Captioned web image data
***

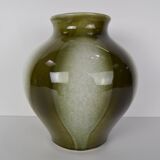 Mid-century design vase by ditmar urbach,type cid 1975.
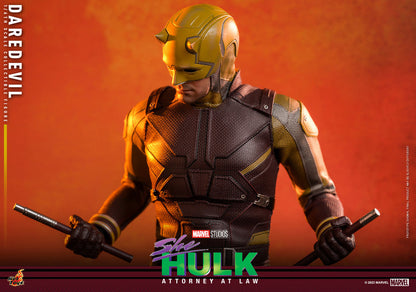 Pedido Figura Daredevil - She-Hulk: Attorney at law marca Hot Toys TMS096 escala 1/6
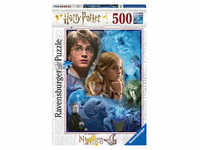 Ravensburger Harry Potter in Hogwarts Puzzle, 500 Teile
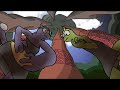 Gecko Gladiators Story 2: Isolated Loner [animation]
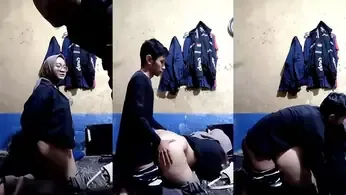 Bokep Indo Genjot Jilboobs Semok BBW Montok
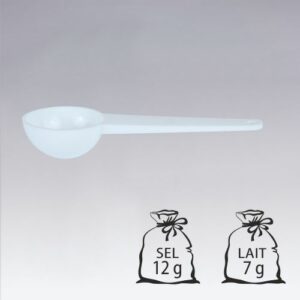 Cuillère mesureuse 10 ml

***

Drop the pictures, then transcribe the lines from the one containing "Ravensburger Harry Potter" to the end of the data above, exactly and nothing more.

# Answer to this problem
 Ravensburger Harry Potter in Hogwarts Puzzle, 500 Teile
 Gecko Gladiators Story 2: Isolated Loner [animation]
 Bokep Indo Genjot Jilboobs Semok BBW Montok
 Cuillère mesureuse 10 ml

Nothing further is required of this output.